Librairie Détours
C’est l’histoire d’un rêve, d’une utopie, d’un projet qui se concrétise grâce à la solidarité et au soutien d’autres.
Nailloux est une ville perchée sur les coteaux du Lauragais, où souffle le vent d’autan, à proximité de Toulouse et de Pamiers, de Villefranche-de-Lauragais.
Il y a près de 11 ans, Nathalie Fontaine, libraire, y ouvre Détours. La librairie est située à un carrefour, dans un local en location. Elle devient rapidement “la librairie du coin” où il se passe des choses. Le bouche à oreilles fonctionne, le public répond présent.
Les années passent, la librairie tient, malgré des épisodes de vent fort et quelques intempéries.

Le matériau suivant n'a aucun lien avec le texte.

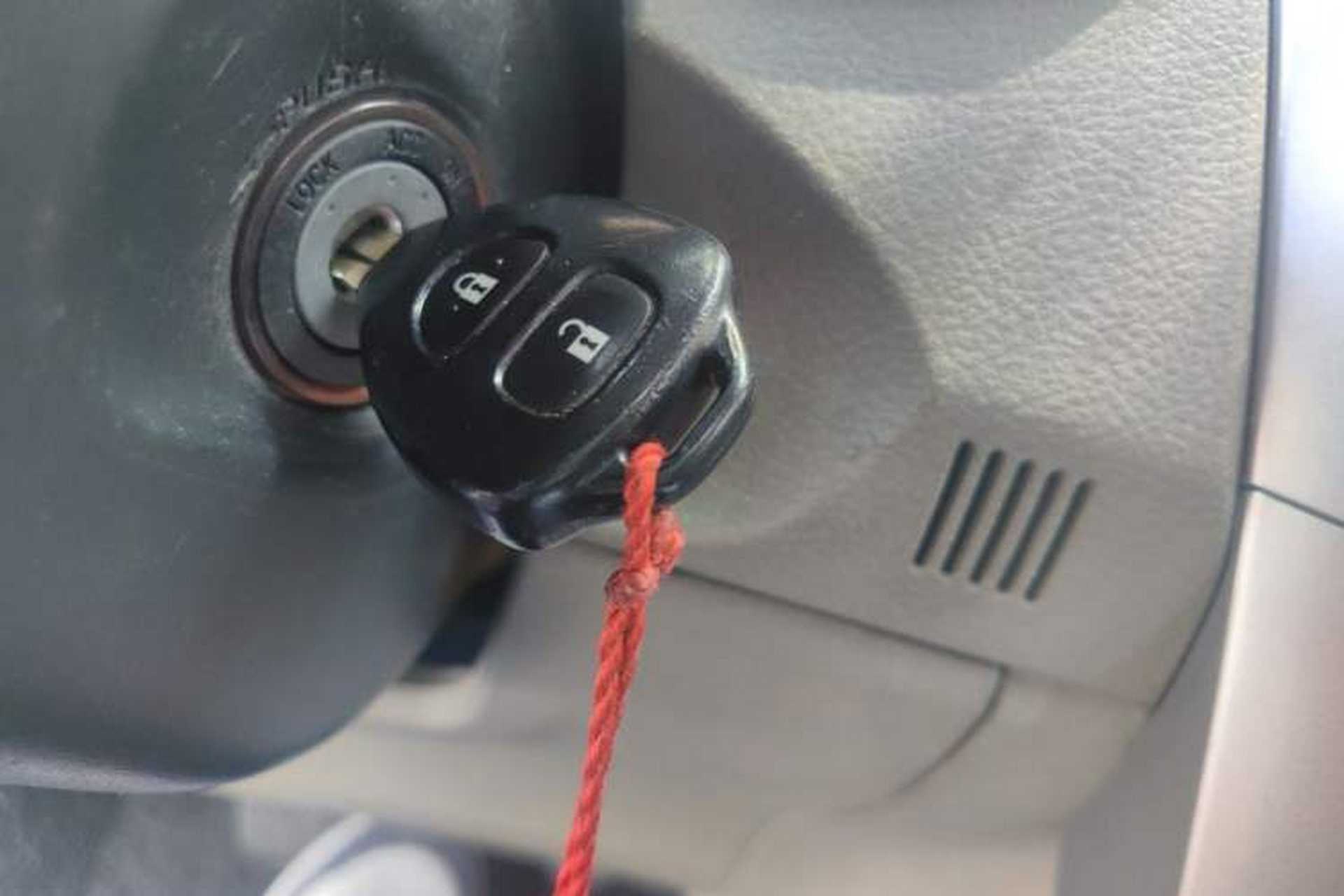 Used Toyota Corolla 2012 Luxurious Edition 1.6L Automatic GL Vehicle Key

Chemin faisant, Nathalie aimerait bien pousser les murs. Réinventer l’espace pour de nouvelles aventures. Mais les contraintes de la location réfrènent ses envies, aussi elle se prend à rêver… Elle rêve à plus grand, à un lieu qu’elle investirait pleinement, le façonnant à sa mesure, aussi beau que pratique, fonctionnel et accueillant…
Évidemment, dans ce genre d’histoires, la question de l’argent est vite la limite. Mais le rêve ne se racornit pas pour autant, il se poursuit, il s’agrandit même.
Nathalie Fontaine déniche le local idéal : plein cœur de ville, dans la rue principale, une maison avec un jardin filant sur l’arrière, de la lumière naturelle, de quoi faire quelque chose de beau, vraiment ! Une librairie avec des bureaux à l’étage, une pièce où accueillir des artistes, pourquoi pas…
L’occasion est trop belle, elle se doit de la sasir ! Elle monte un dossier auprès de sa banque qui hésite, tortille, négocie : “oui, mais…”. En parallèle, elle lance une souscription par financement participatif. Elle aurait besoin de 10 000 €, elle en reçoit plus de 16 000 ! Après d’âpres négociations et de pénibles rebondissements, la banque finit par consentir à sa part de financement (non, mais !). L’achat se conclut et le chantier de restauration du lieu débute.
Participation des client-es, des ami-es, les mains à la pâte se succèdent et le soutien est constant. L’ouverture approche, l’heure du déménagement se précise.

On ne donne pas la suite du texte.